Dating a heroin addict
Dating a heroin addict
Nearly all of those who died were white and there were twice as many men than women. "She found me, curled up in the fetal position in the corner of the bathroom with a blanket over my head," Rosolanko said. He served 16 months in federal prison and agreed to pay back everything he stole. But Rosolanko, who grew up in Castle Creek, a small town outside of Binghamton, said she just knew it would all end well.The number of drug-addicted babies has also surged in Onondaga County: in 2015, there were 56, more than double the 2014 number. But heroin's tentacles reach into corporate offices and suburban high schools, pulling in people no one expects. "He just had a passion about making his life better," she said.
This is where Rob Rosolanko's journey began: In a hospital bed, writhing in pain from pancreatitis.
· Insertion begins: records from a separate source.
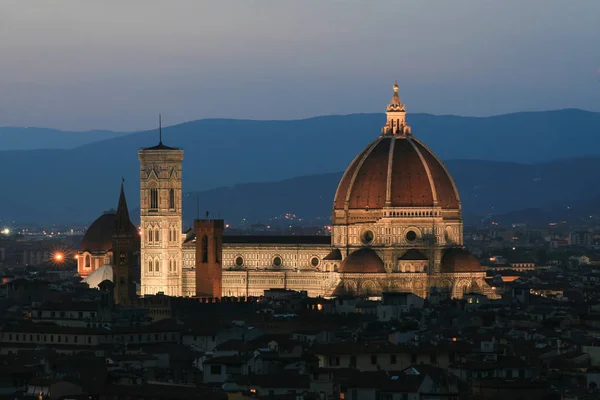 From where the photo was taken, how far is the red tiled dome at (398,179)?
152000 mm

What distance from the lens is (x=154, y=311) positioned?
126 m

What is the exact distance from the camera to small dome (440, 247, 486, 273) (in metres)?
150

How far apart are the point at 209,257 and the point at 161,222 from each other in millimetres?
5538

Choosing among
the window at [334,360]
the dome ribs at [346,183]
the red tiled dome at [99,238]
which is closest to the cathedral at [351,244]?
the dome ribs at [346,183]

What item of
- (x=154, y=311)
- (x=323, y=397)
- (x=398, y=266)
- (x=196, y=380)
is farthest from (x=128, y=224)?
(x=323, y=397)

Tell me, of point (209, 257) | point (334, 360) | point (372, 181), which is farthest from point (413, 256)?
point (334, 360)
They have been paying off his crime, like a mortgage, every month.
He had four bouts of the painful illness in his 20s. Rosolanko said he was a heavy drinker then and thinks that's what caused the pancreatitis. He popped some while sitting on his couch, not trying to get high, but trying to get rid of the pain. The weather is beautiful, I love everything," Rosolanko said. It wasn't until a few years later, in his early 30s, when he moved to Dallas and his job got increasingly stressful. Rosolanko remembers sitting in his car in a parking lot in downtown Dallas, in daylight, and putting the needle into his vein. He was planning to go see his family in New Jersey when he received a phone call from his secretary. He shot up heroin for the last time in the parking lot at the Dallas-Fort Worth airport Feb. Rosolanko says he's paying back the last ,000 of the more than 0,000 that he stole. He now works at Tully Hill, in Tully, as a substance abuse counselor.
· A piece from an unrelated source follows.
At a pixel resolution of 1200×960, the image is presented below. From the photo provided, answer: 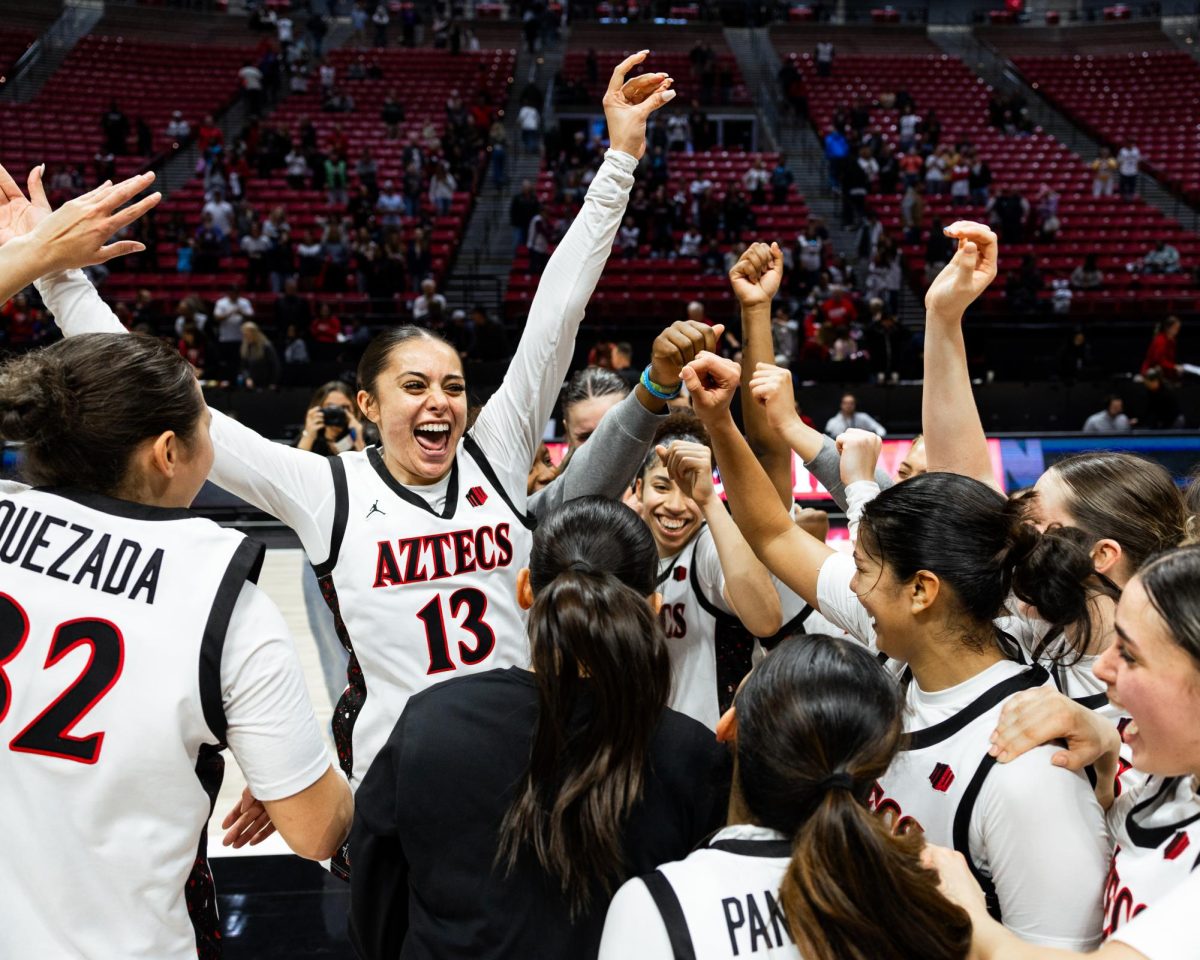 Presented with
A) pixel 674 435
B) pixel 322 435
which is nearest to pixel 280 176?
pixel 322 435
Rosolanko remembered the pills made him feel euphoric and began "doctor shopping" to get more, making up ailments. He could see the grassy knoll where conspiracy theorists say a mystery shooter stood and fired at President John F. "The best way I can describe it is if you're having sex and you have an orgasm – right at that peak – take that moment and stretch it out for five minutes," Rosolanko said. He began making fake marketing plans for the store grand openings he did at Home Depot. Is there any reason Home Depot corporate security is asking questions about you, she asked him. The path out for him was as much about realizing he needed better tools to deal with life than it was about overcoming the drugs, he said. Rosolanko goes to 12-step meetings weekly when things are good. Around him, he has the constant reminder of how strong addiction's grip can squeeze.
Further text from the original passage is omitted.